*Dataset section:*

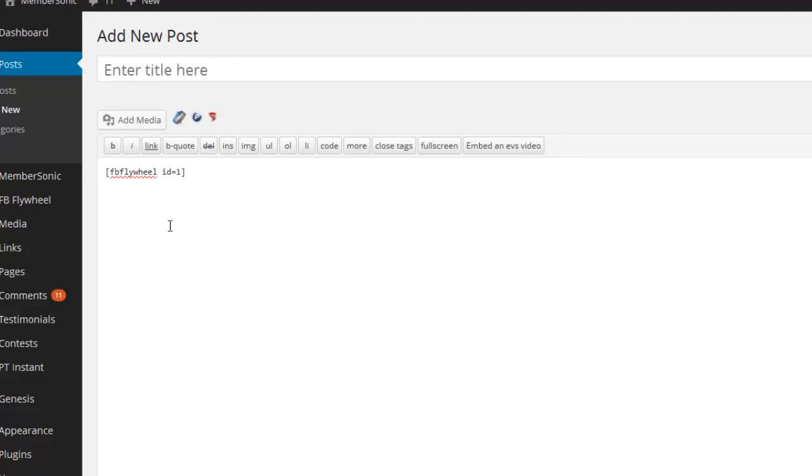And now if I click save and view, you'd be able to see the button on this particular page. If you want to see it in action, click on the link directly below this. You can see the Facebook Lite opt-in form that I have there, and you can see exactly how it works.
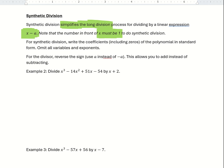When doing synthetic division, we're only going to write the coefficients — we don't write variables and we don't write exponents. For the divisor, we're going to reverse the sign: we use positive a instead of negative a, and vice versa. That allows us to add instead of subtract, unlike polynomial long division where we were subtracting.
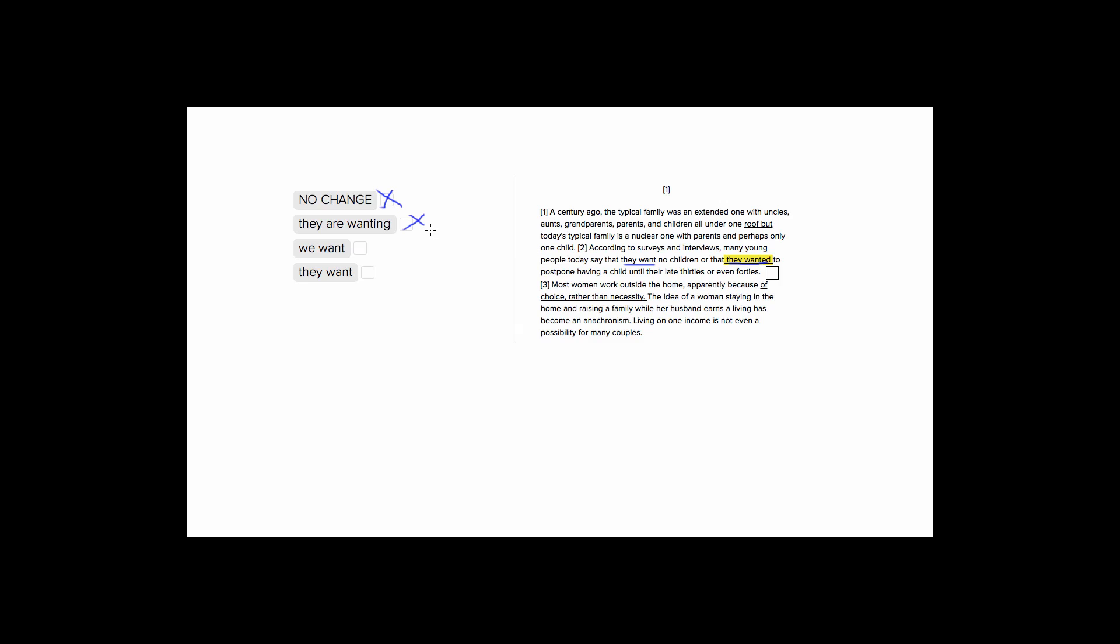Well, perhaps choice three is even more bizarre, we want. Our subject in the sentence is they, so they is young people today. We don't have a we here, so we don't want to introduce a new subject into this sentence. So that's strange.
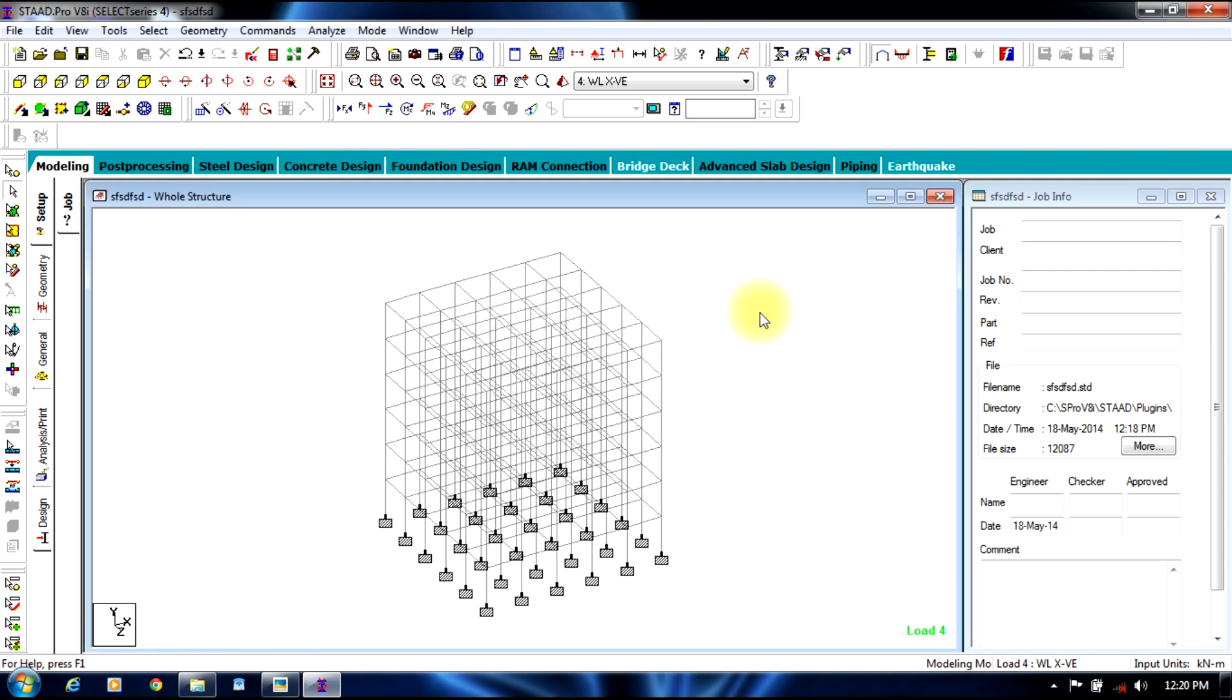This is the end of the tutorial. In next class we will be discussing the wind load analysis with load combinations. Thank you.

*Problem to solve:* Reproduce the whole listing verbatim. Pictures stay out of the copy.

*Expected answer:*
And now if I click save and view, you'd be able to see the button on this particular page. If you want to see it in action, click on the link directly below this. You can see the Facebook Lite opt-in form that I have there, and you can see exactly how it works.
When doing synthetic division, we're only going to write the coefficients — we don't write variables and we don't write exponents. For the divisor, we're going to reverse the sign: we use positive a instead of negative a, and vice versa. That allows us to add instead of subtract, unlike polynomial long division where we were subtracting.
Well, perhaps choice three is even more bizarre, we want. Our subject in the sentence is they, so they is young people today. We don't have a we here, so we don't want to introduce a new subject into this sentence. So that's strange.
This is the end of the tutorial. In next class we will be discussing the wind load analysis with load combinations. Thank you.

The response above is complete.